JCANS, the Japan Collaboration of Accelerator driven Neutron sources is a network of Major and Minor sources bound together for mutual exchange and support. This is at first not surprising and similar structures already exist in Germany (e.g. the KFN Committee for Research with Neutrons) and other European countries, but at a second glance some real differences surface.
First of all the membership in JCANS is restricted to accelerator driven sources (currently 9) and industrial users groups and thus focusses more on the sources needs and distributions, rather than the pure science, that is produced with it (if compared to the German KFN).
Secondary – and in my personal opinion I think this is even more important – the members come from all kinds of sources. From small University sources to the great J-Parc Spallation source. From old Accelerators, which are in Operation since the 70th, to new once, which expect to start Operation in 2018. From small Budget working groups with 3 staff members to Multinational Companies like Toyota Motor Corporation. From fundamental research in astrophysics or the standard model of Nuclear Physics to stress tests of deep drawn metal sheets in automobile production. This multitude of different fields of expertise helps to strengthen their common goal, the most efficient use of neutrons as microscopic probe.
At the same time the JCANS is of course embedded in the international scientific landscape and mostly aligned with the UCANS, the Union for Compact Accelerator driven Neutron Sources, since all of the JCANS Members – except the J-Parc Spallation source of cause – are Compact Accelerator-driven Neutron sources (CANS), which would collaborate with UCANS anyway.
So how does is apply to the German or European situation? In Germany all existing neutron facilities (except FRANZ), are reactor based sources, of which the most have been or will be shut down in the near future (as I have explained before). We strife to replace them with new accelerator driven sources, like the HBS and smaller University sized HB sources and currently the outlook seems pretty good. The MLZ in Garching and the FRM II will stay in operation as Germanies large national neutron source.
So if we are successful in implementing this kind of sources in Europe, then it would be very smart, to learn from the Japanese and implement a European version of JCANS right from the start. As a fundament we could use the neutron scattering community, which is already interdisciplinary connected and build from there on, inviting the other neutron sources, which work with neutrons, but don’t have connection to the other scientific fields. Currently some European partners – who want to build high brilliance, low Energy Neutron sources – are meeting once a year invited by JCNS in Unkel near Bonn to discuss the progress of this kind of sources and to develop a coherent concept. They could be included as a whole and the result would look something like this sketch.

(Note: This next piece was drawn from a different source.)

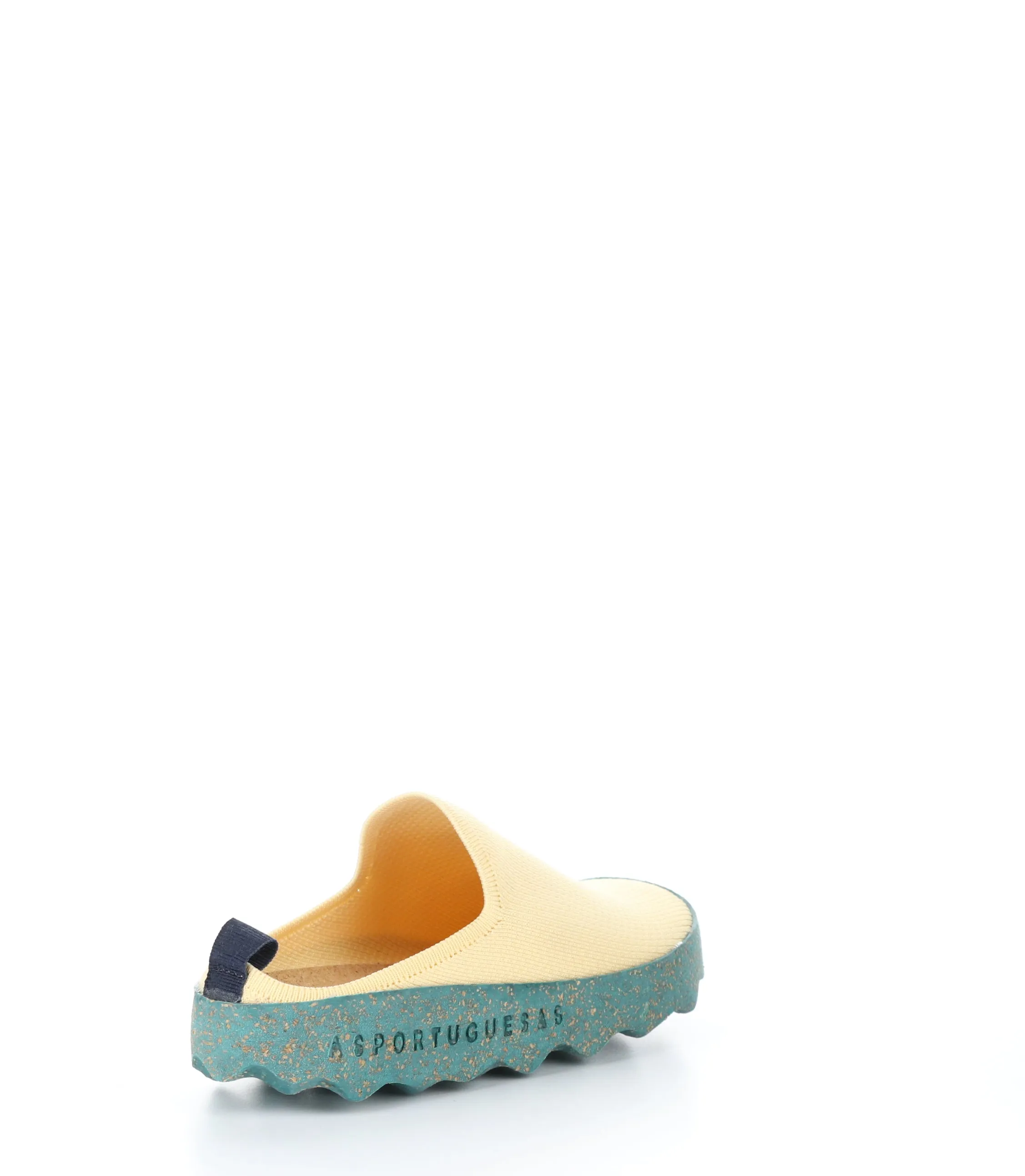 CLOG102ASP BUTTER/GREEN Slip-on Shoes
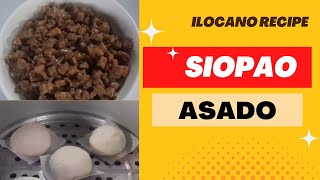 Siopao Asado Recipe Madaling Lutuin siopaoasado ilocanorecipe asianfood [upl. by Nuarb774]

So since the JCANS is a national collaboration, would it not be plausible to form national collaborations here as well? I think not. First of all because there are not enough neutron sources in the countries and – perhaps more important – we should strive for more Europe and more collaboration, instead of everybody fending for themselves and especially in a collaboration and/or union there should be as much diversity as possible. I really hope that in the process, of developing the new kind of brilliance focused sources, we can also connect and cooperate in the same way, which the Japanese sources have shown to be very successful.